Differential of norm with symmetric matrix

Question

Let $z: I \rightarrow \mathbb{R}^n$ be a differentiable function. We know that $$\frac{d}{dt} |z(t)|^2= 2\langle z'(t),z(t) \rangle.$$ Now, let $A$ be any $n\times n$ matrix (maybe symmetric, definite positive...etc). Do we have something similar such that the differential is $2\langle z'(t),Az(t) \rangle$? Any remark would be helpful (equality, inequality...etc).

Answer 1

Let $I \subset \Bbb{R}$ be an open set, and let $A \in M_{n \times n}(\Bbb{R})$ be a symmetric matrix. If you assume $z:I \to \Bbb{R}^n$ is differentiable, then you can show that the function $f: I \to \Bbb{R}$ defined by \begin{align} f(t) = \langle A z(t) , z(t)\rangle \end{align} is differentiable and by the chain rule, we have that for every $t \in I$, \begin{align} f'(t) &= \langle A z'(t), z(t) \rangle + \langle A z(t) , z'(t)\rangle \\ &= 2 \langle A z(t) , z'(t)\rangle, \end{align} the last equality is because $A$ is symmetric.

Answer 2

Suppose

$y(t) = \langle z(t), Az(t) \rangle; \tag 1$

then

$\dot y(t) = \langle \dot z(t), Az(t) \rangle + \langle z(t), A\dot z(t) \rangle$ $ = \langle \dot z(t), Az(t) \rangle + \langle A^Tz(t), \dot z(t) \rangle = \langle \dot z(t), Az(t) \rangle + \dot z(t), A^T z(t) \rangle$ $= \langle \dot z(t), (A + A^T)z(t) \rangle; \tag 2$

when $A$ is symmetric,

$A = A^T, \tag 3$

this becomes

$\dot y(t) = 2\langle \dot z(t), Az(t) \rangle. \tag 4$

Nota Bene: It is also worth observing that the operator $A$ occurring in (2), (4) may be transferred to $\dot z(t)$ via the usual properties of the matrix transpose, viz.

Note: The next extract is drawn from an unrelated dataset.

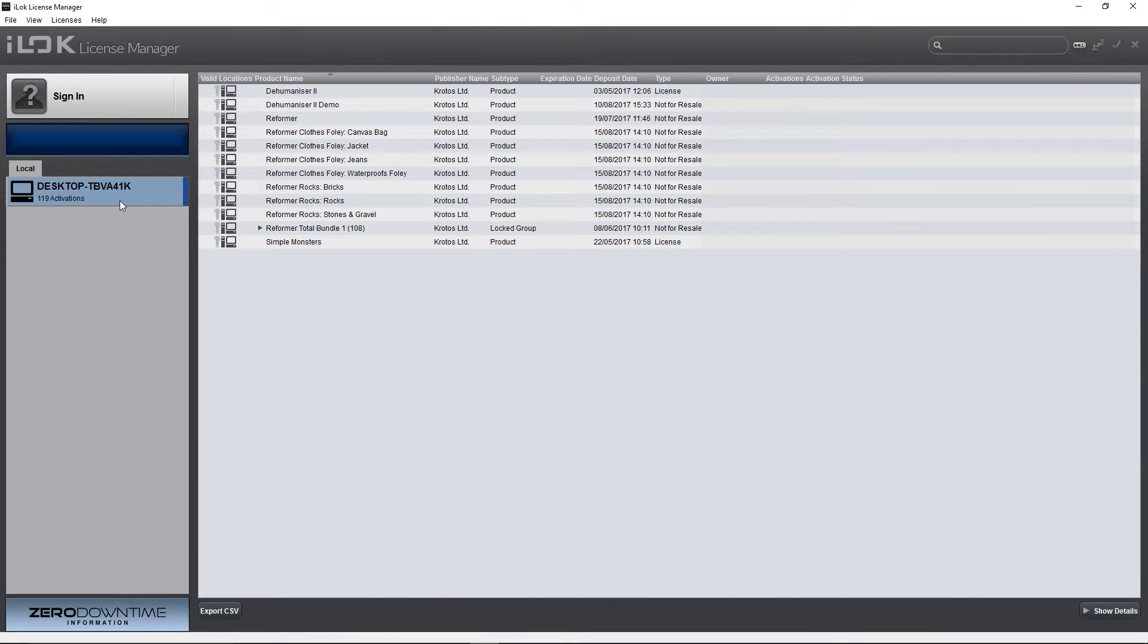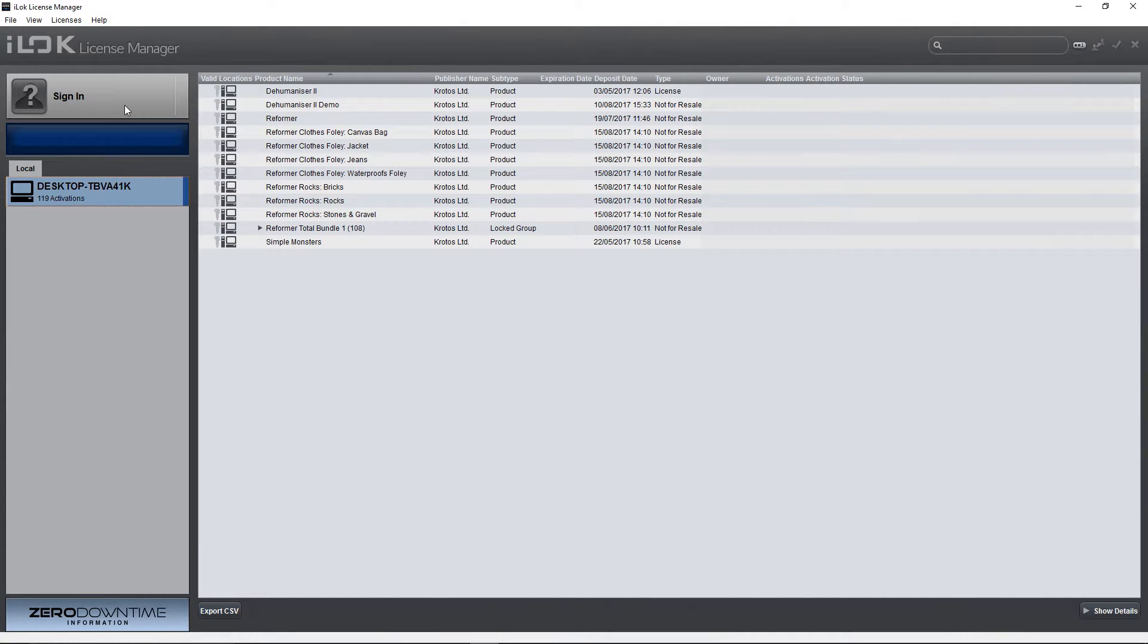Hello and welcome to this tutorial from Crotos. Today we'll be looking at a frequently asked question about our software, activation using iLock License Manager.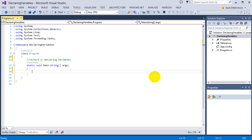So by definition, variables are simply a named storage location. They're a storage location, so a place where we can store things like data, like numbers. I need to store the number 5 somewhere, I'll put it into a variable. So that's the storage location part of a variable.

$\dot y(t) = \langle (A + A^T)\dot z(t), z(t) \rangle = \langle z(t), (A + A^T)\dot z(t) \rangle, \tag 5$

and

$\dot y(t) = 2\langle A\dot z(t), z(t) \rangle = 2 \langle z(t), A\dot z(t) \rangle \tag 4$

in the event that $A = A^T$ is symmetric. End of Note.